- _Stored data_
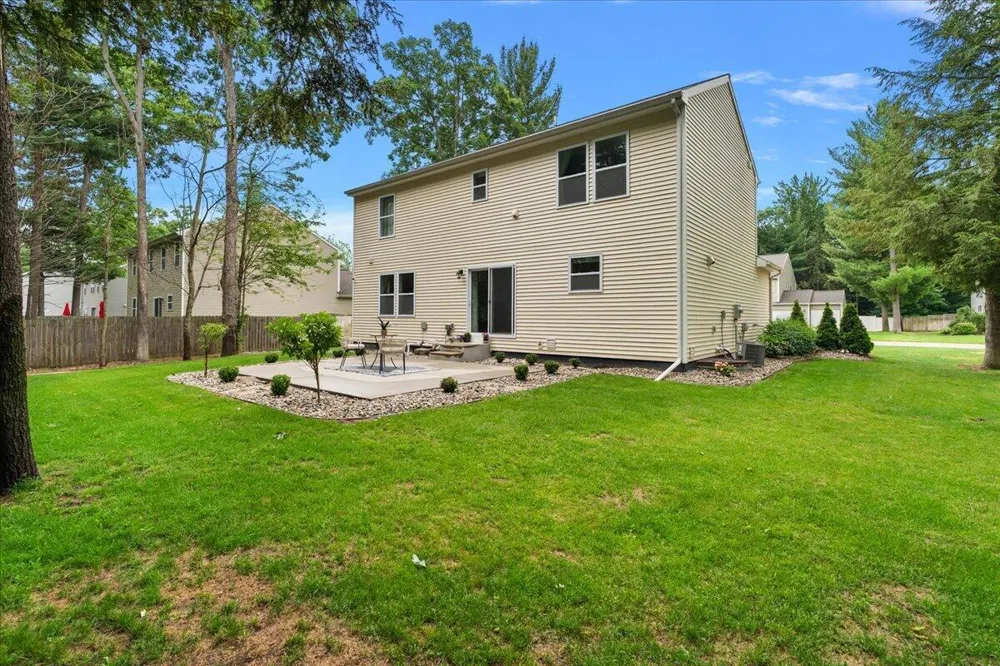 14455 Manor Road Grand Haven, MI 49417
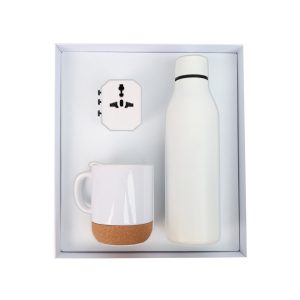 GS051 - Sports Bottle Corporte Gift Pack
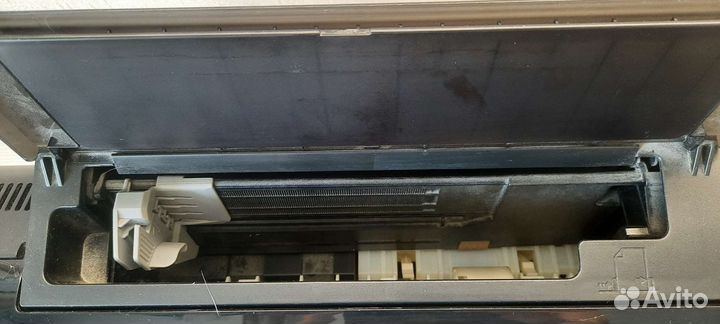 Принтер струйный epson stylus C110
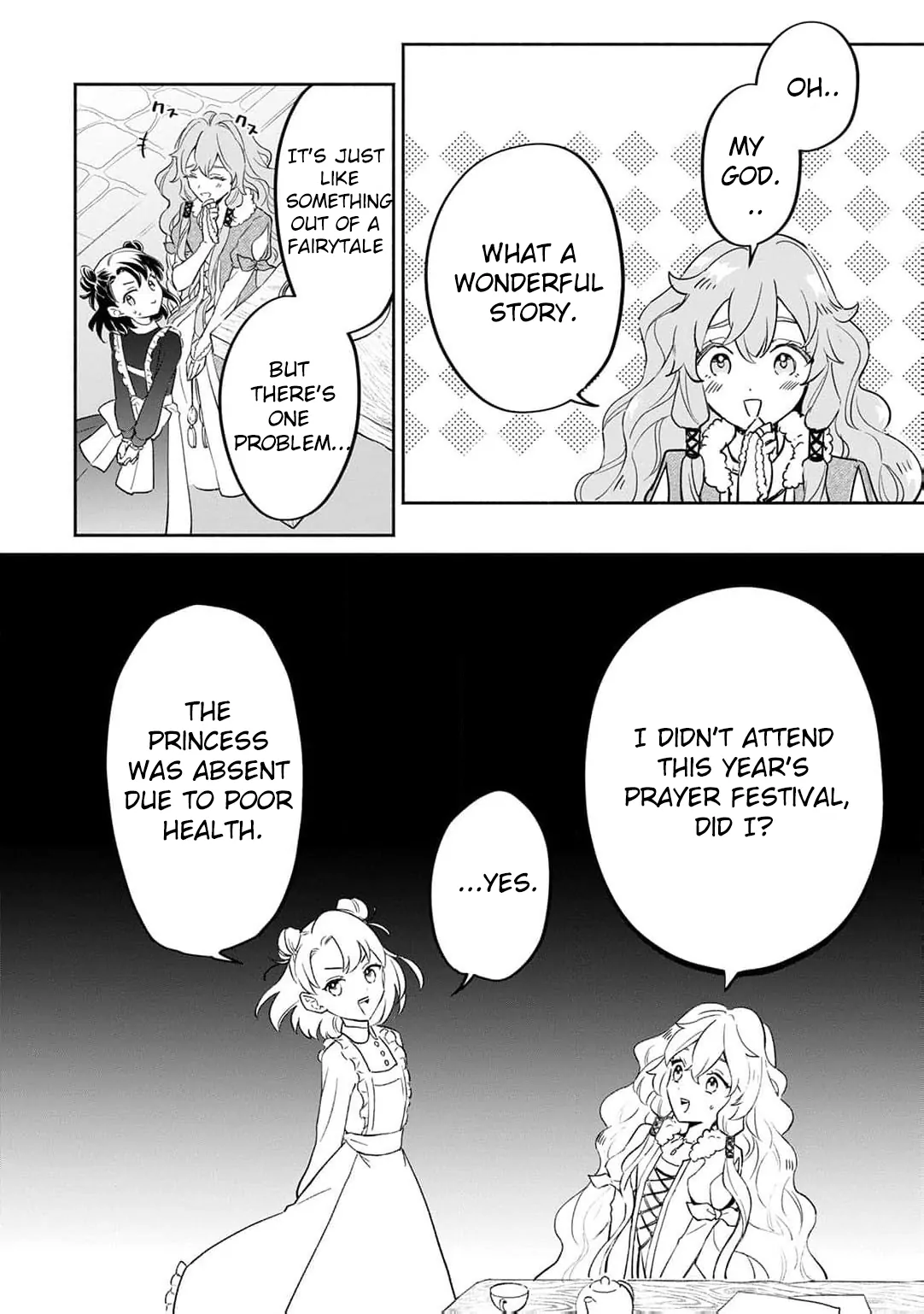 Read a bride by mistake, yet she stole the king’s heart EN Manga Online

- _Problem statement_
Everything from the line that contains "GS051 - Sports Bottle Corporte Gift Pack" to the final line of the data is to be duplicated exactly, both ends included, except the pictures.

- _Written solution_
 GS051 - Sports Bottle Corporte Gift Pack
 Принтер струйный epson stylus C110
 Read a bride by mistake, yet she stole the king’s heart EN Manga Online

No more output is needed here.